The point of the previous paragraph is that you have an area of innovation (creating different methods of storage and playback in the home) that is being stifled by the overly-broad DMCA. The jukebox, because it got around the copy-protection scheme of the DVDs, was ruled to violated the DMCA because it intentionally bypassed DRM protections. This is a bad precedent. Companies like Apple, Microsoft, and Sony are looking at taking the computer outside the box. I.e., making computer chips pervasive throughout the home. Imagine listening to music in the dining room. Then, when dinner is done, you go into the kitchen to do the dishes and have the music continue playing in there.
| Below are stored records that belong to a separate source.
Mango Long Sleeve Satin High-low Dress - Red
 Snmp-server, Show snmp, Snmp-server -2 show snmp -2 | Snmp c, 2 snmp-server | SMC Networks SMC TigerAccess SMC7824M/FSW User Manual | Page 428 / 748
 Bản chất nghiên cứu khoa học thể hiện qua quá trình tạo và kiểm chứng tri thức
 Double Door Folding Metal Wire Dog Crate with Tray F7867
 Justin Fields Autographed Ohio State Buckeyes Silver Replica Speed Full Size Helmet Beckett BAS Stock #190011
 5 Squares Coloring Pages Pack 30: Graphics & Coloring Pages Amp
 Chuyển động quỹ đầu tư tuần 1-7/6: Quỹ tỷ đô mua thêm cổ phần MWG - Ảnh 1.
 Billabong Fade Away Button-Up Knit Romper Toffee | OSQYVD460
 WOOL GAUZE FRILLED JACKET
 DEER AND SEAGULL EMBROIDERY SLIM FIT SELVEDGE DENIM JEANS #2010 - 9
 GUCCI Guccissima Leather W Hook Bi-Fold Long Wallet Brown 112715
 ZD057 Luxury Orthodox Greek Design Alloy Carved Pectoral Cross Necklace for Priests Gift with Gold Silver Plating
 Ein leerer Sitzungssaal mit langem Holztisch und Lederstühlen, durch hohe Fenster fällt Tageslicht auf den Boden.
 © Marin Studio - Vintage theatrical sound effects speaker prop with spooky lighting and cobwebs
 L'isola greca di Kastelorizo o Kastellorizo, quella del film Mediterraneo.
You have one source for the music in both places and the sound continues uninterrupted in both places. This idea of pervasive computing is threatened by knee-jerk legislation sponsored by companies that want to cling to outdated means of product distribution. The movie companies don't care if the jukebox makes it easy for you to enjoy their product. They would rather have you buy a $20 DVD for the living room, and another $20 DVD for the player in your bedroom, and another $20 DVD to play on your laptop on a business trip. The cost of manufacturing another DVD is extremely small. The more of these physical media you buy, the more their profit. If you could buy a copy of a movie for $30 and do whatever you like with it (copy it into the jukebox, copy it onto your laptop, etc.), it is a simple business analysis that this is bad for the movie industry. That's only $30 of profit versus the $60 they made using the old DVD media version.

All this may seem like random rambling (in a way, it is), but the point is that the DMCA is an overly broad piece of legislation that needs to be repealed. Innovation should be rewarded. Not stagnation.